On Thursday, National Conference president and five-time chief minister of the erstwhile state of Jammu and Kashmir announced that his party and Congress have finalized a pre-poll alliance for all the 90 Assembly seats going to polls in three-phases from September 18 to October 1. He said that they wanted to divisive forces , which was an unmistakable reference to BJP , the party that has posed a serious challenge to their hegemony of the past 70 years before the abrogation of Article 370 . They accuse BJP of creating communal and societal divisions , while the saffron party charges them with seeking to perpetuate dynastic rule which denies the real democracy to the masses in Jammu and Kashmir.
This alliance has generated hopes among their cadres that it may secure a majority and form the government after the election results are known on October 4. That is the calculation based on the number of assembly segments that National Conference had won during the Lok Sabha polls which concluded in June this year. NC had won two out of three seats in Kashmir , while Congress drew blank but the party closed the gap between itself and BJP that won two seats from Jammu region . BJP had not fielded even a single candidate in the Valley and the parties that it supported from behind-the -scene also lost .

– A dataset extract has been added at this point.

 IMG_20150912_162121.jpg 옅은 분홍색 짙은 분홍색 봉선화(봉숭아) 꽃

It is imperative to recall the history of the pre-poll alliance of Congress and NC to understand the whole perspective as to how it could affect the political scene in Jammu and Kashmir with its national and international implications . It, in more than one ways, is a throwback to the pre-poll alliance on the eve of the 1987 Assembly polls .
In November 1986 , both Congress then under the leadership of late Rajiv Gandhi and National Conference under the leadership of Farooq Abdullah had forged a pre-poll alliance for the 1987 Assembly elections ,infamous for the rigging . The alleged cheating in the elections made the youth to lose faith in the Indian democracy , proved a flashpoint for more than three decade-long armed militancy in Jammu and Kashmir, which left thousands dead and lakhs displaced from their homes forever .

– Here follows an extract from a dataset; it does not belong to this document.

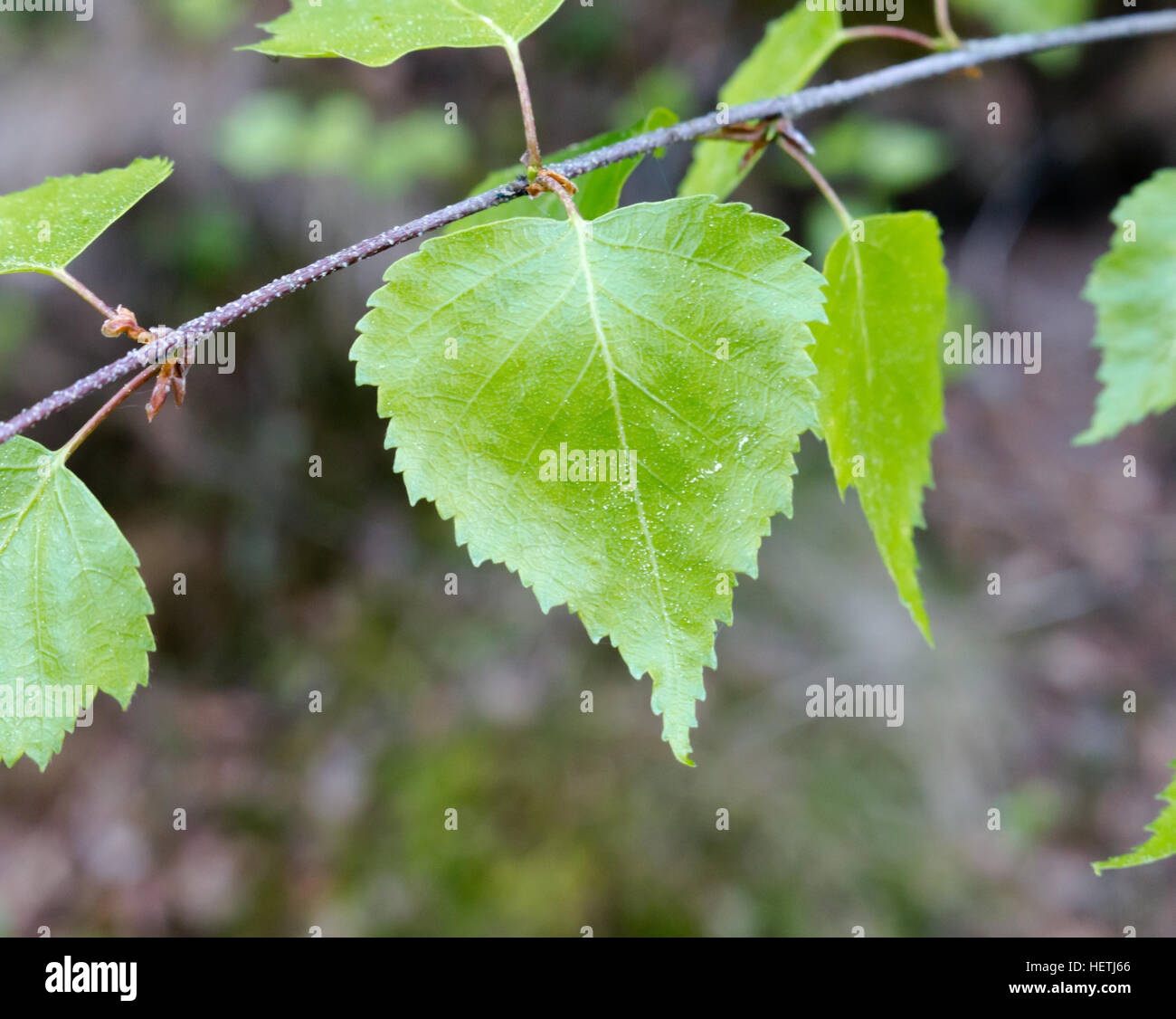 Feuilles de bouleau dans la forêt. Banque D'Images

That time Congress was in power at the Centre and Farooq Abdullah had become Chief Minister in November 1986 after an unwritten Rajiv-Farooq accord . The backdrop was that the Farooq Abdullah government was dismissed by the then Governor Jagmohan on July 2, 1984 . That was the critical point in the history of Jammu and Kashmir when Congress had dislodged the elected government through covert means and helped in installing a government led by NC defectors by roping in a highly ambitious G M Shah, brother-in-law of Farooq Abdullah That goverment too was dismissed in March 1986 and the state came under Central rule for nearly eight months. And, then Farooq Abdullah was sworn-in as CM once again .

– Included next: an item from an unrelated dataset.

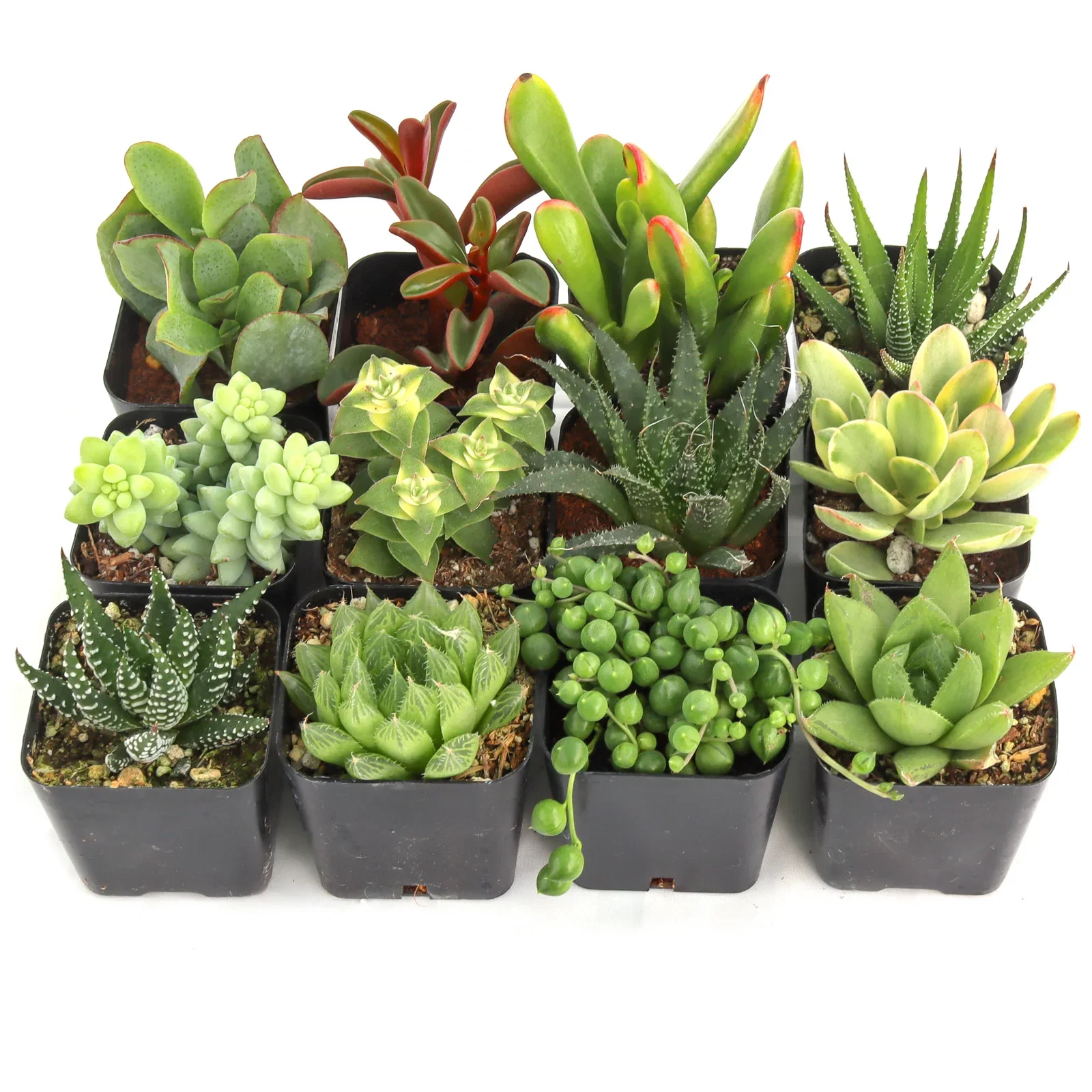 Image of Easy Indoor Succulents Pack (6-20 Varieties, 2" Pots)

This time the pre-poll alliance has come in hugely different circumstances . Neither Congress is in power at the Centre nor NC in J&K . While Congress is in the role of Opposition at the Centre after the 2024 polls , National Conference is not in that role even, as there are no ruling parties nor opposition in the union territory of J&K, which is being ruled by the Centre through Lieutenant Governor who enjoys absolute powers with no accountability to any legislative body elected by the people.
The two parties’ alliance would be facing two type of challenges . One it will have to combat BJP which is having a backing of the abrogation of Article 370 which paved way for citizenship rights to the West Pakistan Refugees and Valmikis, Scheduled Tribe status to Paharis , and got the women married outside J&K their full rights – they can now inherit the property of their parents. Their children too are entitled tr these rights .
On the soil of Kashmir, too , National Conference is facing competition from BJP, PDP and Apni Party . This is going to be an ideological battle as well as for the political turf which he parties want to gain and retain after the elections . The alliance is faced with its challenges of the past as well as of future.